# KILL-A-WATT meter, is it going to melt down?



## Hondacrzy (Mar 15, 2008)

I bought a killawatt meter for my Zivan charger, but as I thought it is pulling a couple too many amps and it is beeping at me. Has any one been able to pull 17amps on ne of these and not have it melt down? Will it keep going just beeping at me or is it going to shut down? 

Cheers
Chris


----------



## Voltswagen (Nov 13, 2008)

I've run mine up to 22.5 amps beeping all the way......no shut down.
It starts the beep warning at 15 amps.


----------



## tj4fa (May 25, 2008)

Mine beeps over 15A and because my charger gets really hot sometimes, the meter has done some melting around the female plastic receptacle slots where the plug goes into it.


----------



## Voltswagen (Nov 13, 2008)

TJ
Set the meter to read amps........how much is that charger drawing?
What is the amperage of the wall socket?

Roy


----------



## Hondacrzy (Mar 15, 2008)

Thanks for the responses. I am pulling 17.2amps in the first stage. I have a 20amp dedicated circuit I installed. Nothing seems to get hot yet. My pack was not drained too low, so it only stayed in the first stage for about 2.5 hrs before cutting back. I was more worried about leaving it while I was sleeping I did not want any fire hazards.

Cheers

Sorry I see that last Question was for TJ. I would like to see that 120v Circuit too!


----------



## Voltswagen (Nov 13, 2008)

Honda
If you installed a dedicated 20 amp circuit you should be OK.
The 20 amp breaker should trip at about 22.5 amps.
The problem as I see it is that your Zivan is drawing 17.2 amps in the first stage.

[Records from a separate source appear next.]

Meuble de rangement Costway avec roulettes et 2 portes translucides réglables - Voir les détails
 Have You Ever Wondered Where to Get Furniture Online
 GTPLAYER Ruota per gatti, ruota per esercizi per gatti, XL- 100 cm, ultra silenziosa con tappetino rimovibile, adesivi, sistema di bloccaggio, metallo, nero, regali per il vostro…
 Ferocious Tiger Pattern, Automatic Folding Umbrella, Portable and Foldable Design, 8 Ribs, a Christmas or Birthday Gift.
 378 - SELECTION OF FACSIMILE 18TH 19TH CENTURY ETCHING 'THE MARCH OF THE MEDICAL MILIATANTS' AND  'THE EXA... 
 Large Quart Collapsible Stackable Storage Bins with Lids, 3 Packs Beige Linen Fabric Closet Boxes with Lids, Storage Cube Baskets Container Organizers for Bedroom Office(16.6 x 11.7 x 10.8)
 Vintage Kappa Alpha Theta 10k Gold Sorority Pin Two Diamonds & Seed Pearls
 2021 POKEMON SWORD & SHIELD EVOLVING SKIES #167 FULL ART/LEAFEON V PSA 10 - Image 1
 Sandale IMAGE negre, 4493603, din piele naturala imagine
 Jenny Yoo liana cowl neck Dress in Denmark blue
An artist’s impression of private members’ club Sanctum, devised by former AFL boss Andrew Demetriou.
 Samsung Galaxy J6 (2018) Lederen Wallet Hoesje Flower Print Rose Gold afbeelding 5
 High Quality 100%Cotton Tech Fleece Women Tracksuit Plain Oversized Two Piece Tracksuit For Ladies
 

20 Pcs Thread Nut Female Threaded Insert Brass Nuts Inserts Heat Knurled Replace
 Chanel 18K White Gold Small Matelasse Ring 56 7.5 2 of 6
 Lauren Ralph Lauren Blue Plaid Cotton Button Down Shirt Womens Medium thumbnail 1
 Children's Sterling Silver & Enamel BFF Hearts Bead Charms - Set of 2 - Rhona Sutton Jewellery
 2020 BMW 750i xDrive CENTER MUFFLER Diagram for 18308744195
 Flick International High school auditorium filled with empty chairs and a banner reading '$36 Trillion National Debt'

I would be more concerned that the charger would catch fire than the Kill-A-Watt.
I'm not familiar with the Zivan charger.
What amperage is the charger rated for?

I'm using the Quickcharge 120v charger (battery voltage and feed voltage are 120). It's rated for 10 amps and draws less than 9 amps at 80% DOD in the first stage. It then drops to about 4 amps and then to 2 amps as it completes the cycle.

17 amps in the first stage sounds high to me. Check with the manufacturer.
Roy


----------